At long last, I'm getting to read things that aren't for the Notable Books Council, and this was the first one of the books I went back to on my stack. In it, we get back to the main thread of Omens, which I felt was somewhat dropped in Visions, Olivia/Eden's quest to determine the truth of whether or not her birth parents were serial killers. In the first volume, they were cleared of killing one couple, but that still leaves three others. Olivia (we'll stick with that for the rest of the review because it's the name she prefers) also struggles to balance her relationship with her MBA student/biker boyfriend, Ricky, and her complicated friendship with Gabriel, her lawyer, her employer, and your basic broody Gothic hero as she learns more about her otherworldly heritage.

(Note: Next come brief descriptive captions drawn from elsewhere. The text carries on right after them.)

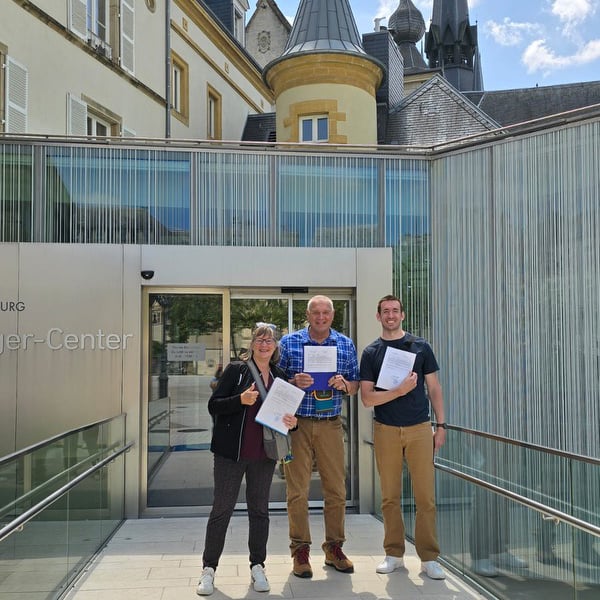 Three LuxCitizenship clients with their Luxembourg citizenship declarations at the Bierger-Center, Luxembourg City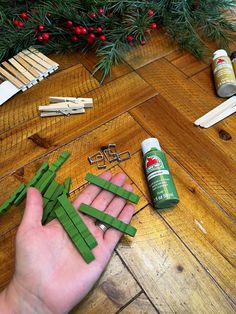 a person is making christmas decorations out of popsicle sticks and glue on the floor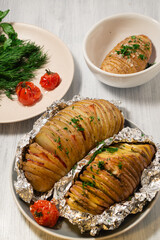 Baked potatoes on a peasant in foil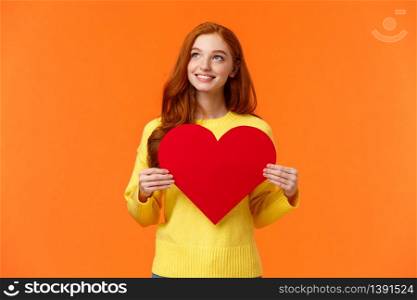Dreamy cute redhead girl waiting for her prince, planning perfect velantines day romantic date, holding large heart sign and looking upper left corner with tender happy smile, orange background.. Dreamy cute redhead girl waiting for her prince, planning perfect velantines day romantic date, holding large heart sign and looking upper left corner with tender happy smile, orange background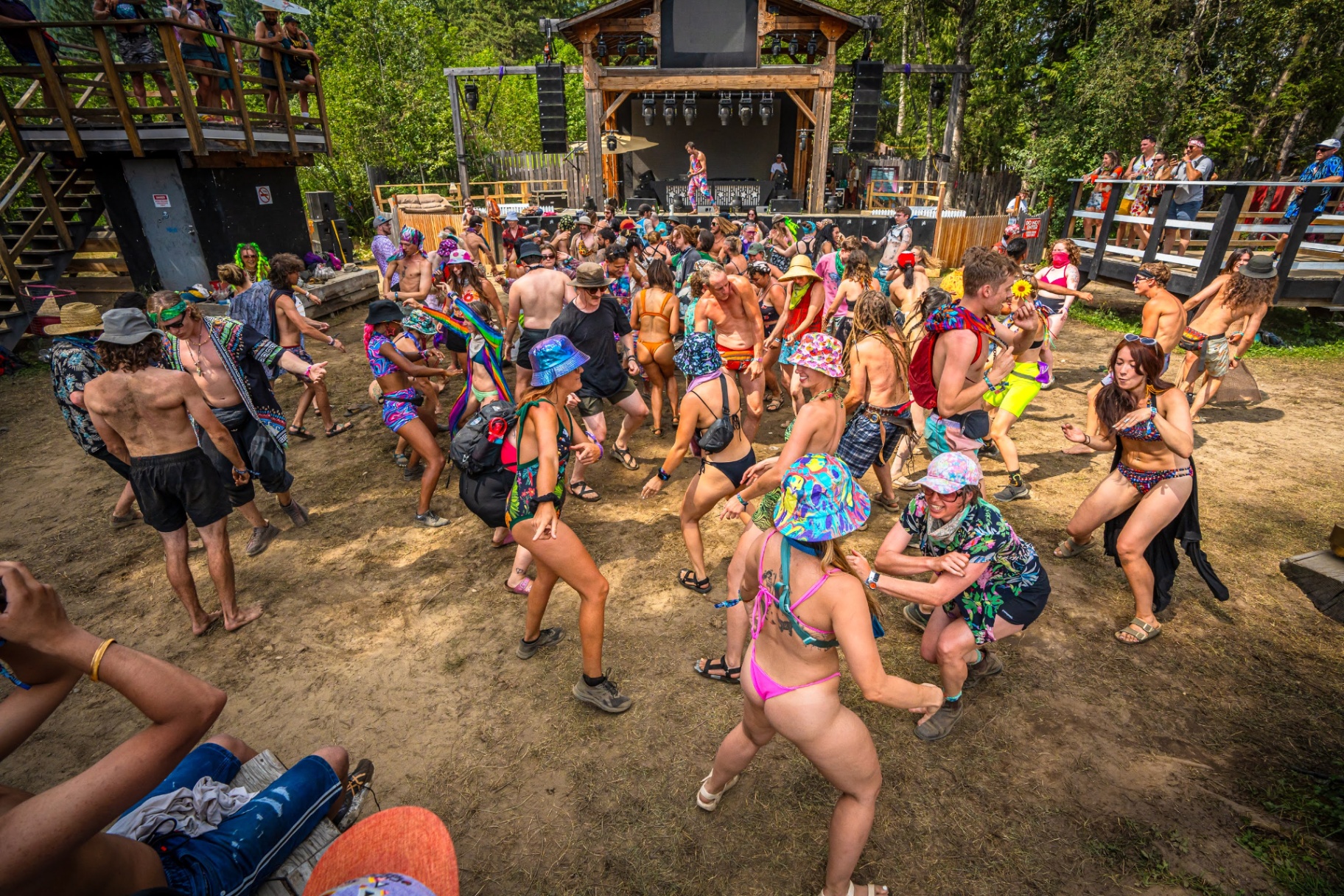 Festival attendees dancing together during a joy activation at an outdoor stage
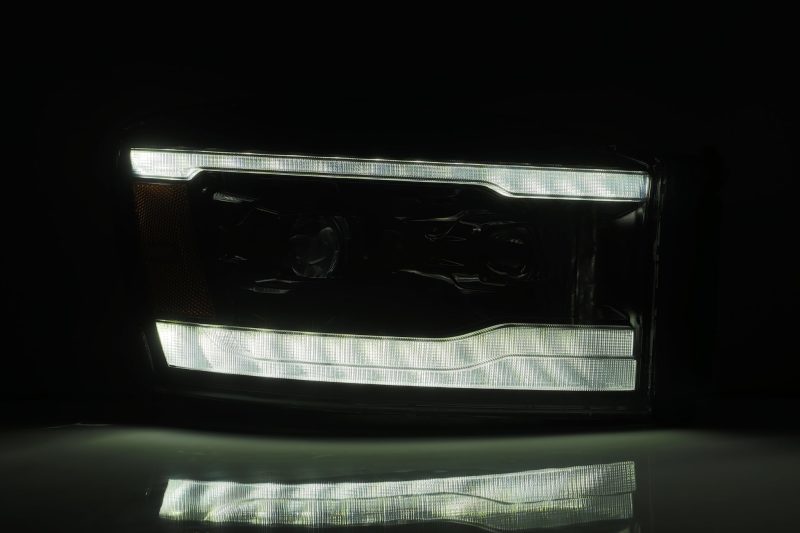 AlphaRex 06-08 Dodge Ram 1500HD PRO-Series Projector Headlights Plank Style Black w/Seq Signal/DRL - Burkken Auto Parts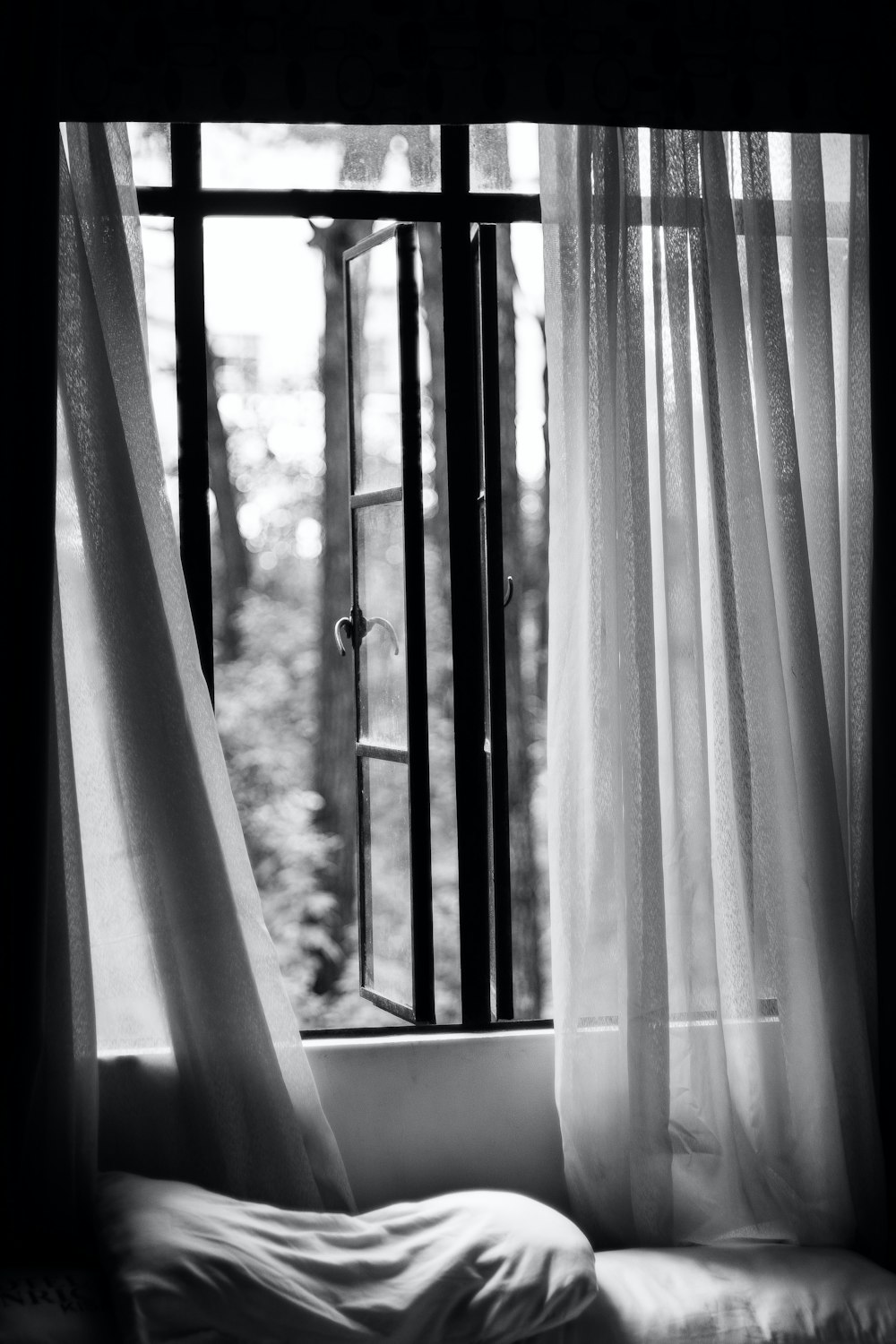 a black and white photo of a window with curtains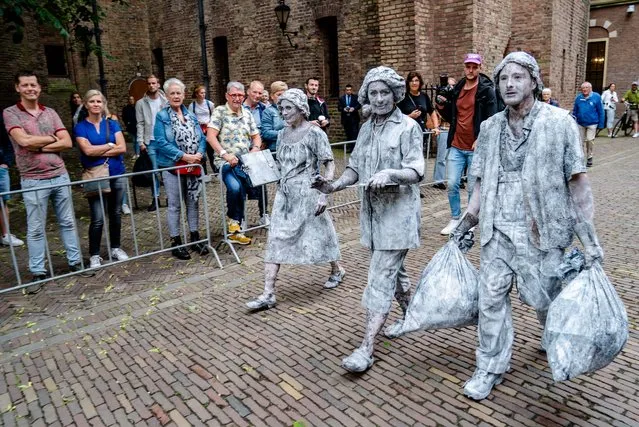Living statues take part in a demonstration by the CNV trade union, demanding better pay and appreciation for public sector workers in the Hague, the Netherlands on June 29, 2021. (Photo by Hollandse Hoogte/Rex Features/Shutterstock)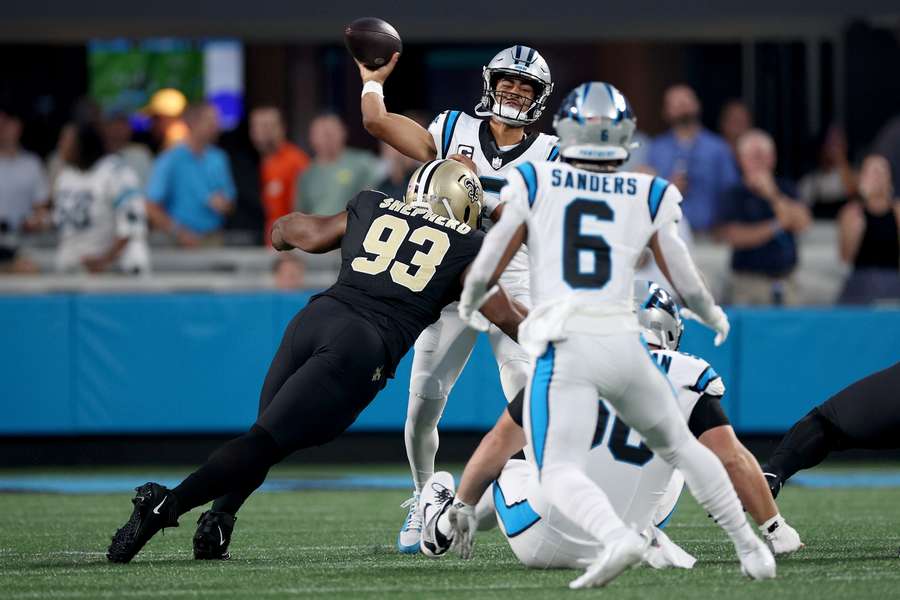 Bryce Young #9 of the Carolina Panthers throws a pass against the New Orleans Saints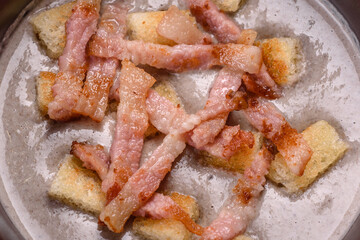 Fresh delicious hot puree soup with mushrooms and bacon in a black plate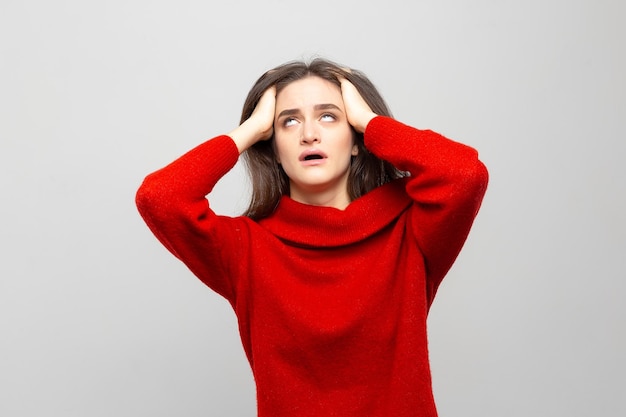 Young woman in a red sweater with a severe headache holds her head isolated on a whitegray background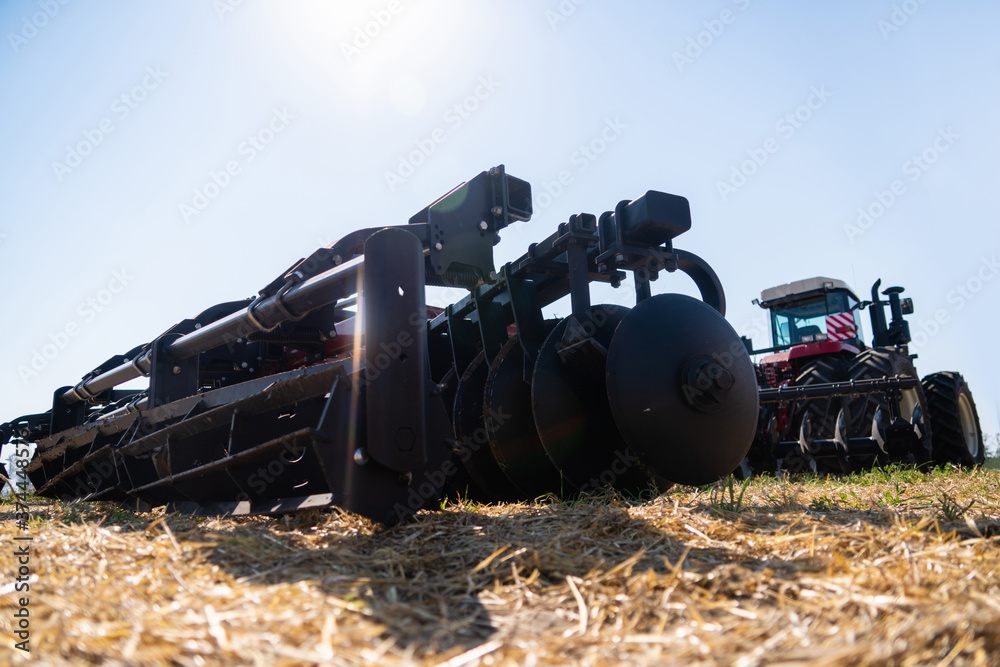 A tractor with a plow plows the field after harvesting A tractor with a plow plows the field after harvesting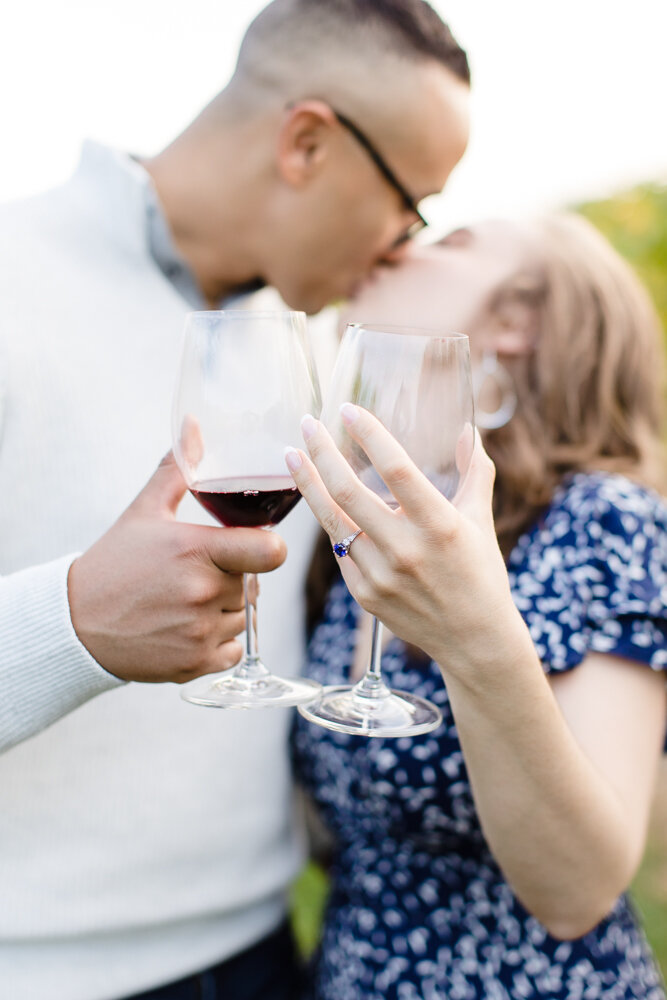 Wine glasses engagement photo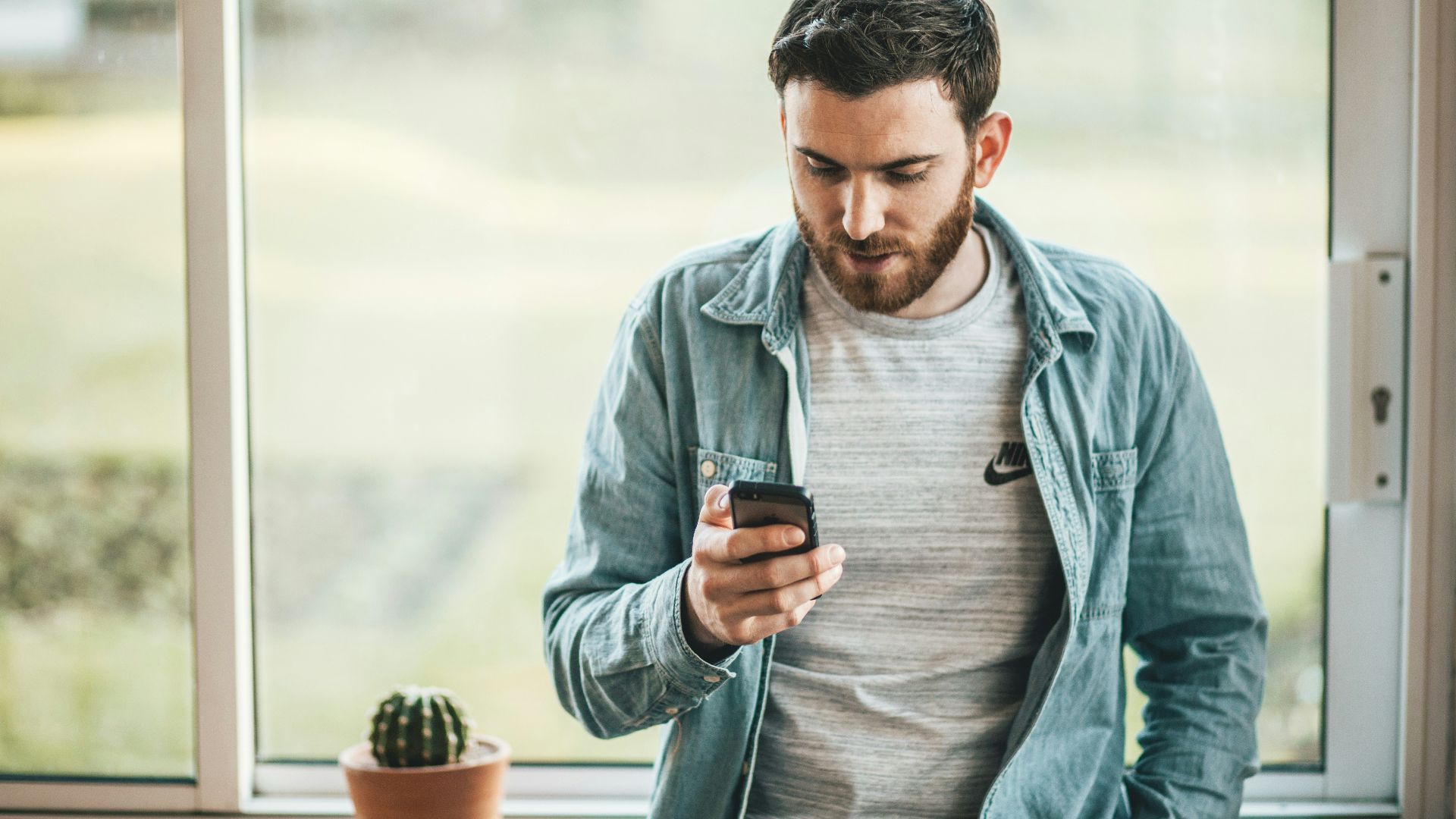 man holding a smartphone near the window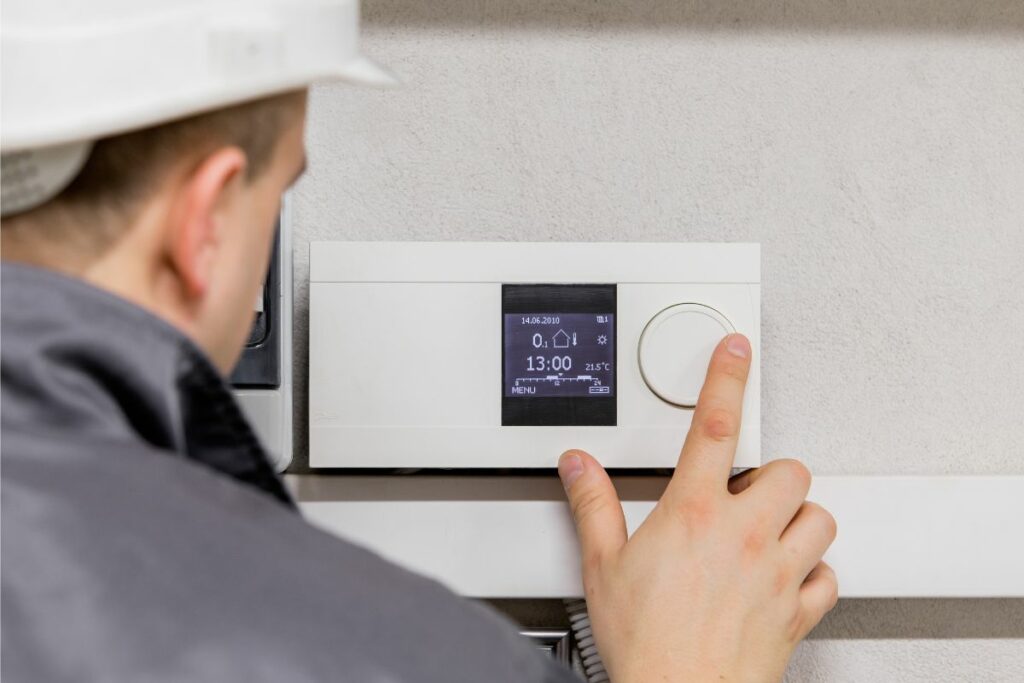 Person in a hard hat adjusting a digital thermostat on a wall, demonstrating how to make renewable energy at home more efficient.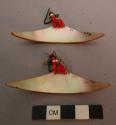 Pair of Men's mother-of-pearl ear ornaments (tatanyon); lunate-shape +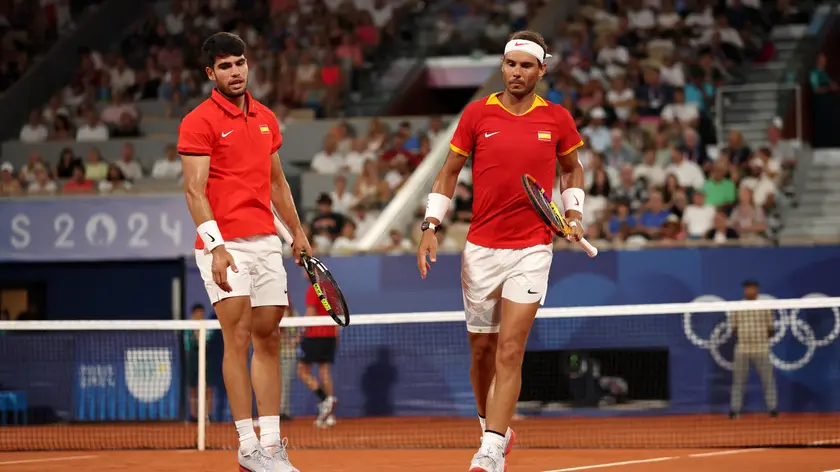 epa11513047 Carlos Alcaraz and Rafael Nadal of Spain react during the Men's Doubles Quarter-final match against Austin Krajicek and Rajeev Ram of the US at the Tennis competitions in the Paris 2024 Olympic Games, at the Roland Garros in Paris, France, 31 July 2024. EPA/DANIEL IRUNGU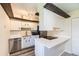 Modern kitchen featuring white cabinets, stainless steel appliances, and a sleek countertop at 3225 S Garrison St # 9, Lakewood, CO 80227
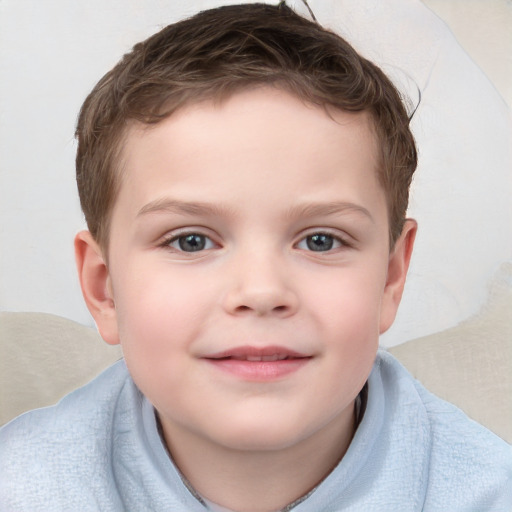 Joyful white child male with short  brown hair and brown eyes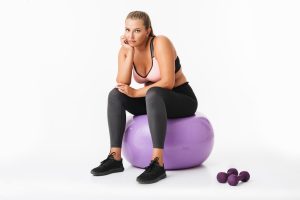 young-woman-with-excess-weight-sporty-top-leggings-sitting-fitness-ball-with-dumbbells-near-thoughtfully-looking-camera-white-background-isolated.jpg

There's something compelling here, both in the murder investigation plot and in the characters, particularly Gabriel, as annoying as he is. Which is incredibly annoying, and yet for some reason I am still completely on Team Gabriel(TM) in spite of the fact that there is a part of my brain that is so, so sick of damaged broody men who can't let themselves get too close to people or really even acknowledge that they want to when it's incredibly obvious that they do. It's probably a Rochester thing, a friends-to-lovers thing, or a combination of the two. I love the archetype and yet I also really hate how much of the archetype he is.

But, like I think I've seen these characters before, I feel like I've read this book before, too. We learn some more information about the murders, but I don't feel like this book ends in that much of a different place than where it begins. Part of this is that the big new things than our main characters learn about the fae world are things that I thought were a given based on visions that Olivia had in the previous book. Over and over again in this series, I find myself realizing things a good half of a book ahead of Olivia and wondering if the reader is meant to be ahead of her or if they were intended to be surprises, but weren't really as subtle as they were meant to be.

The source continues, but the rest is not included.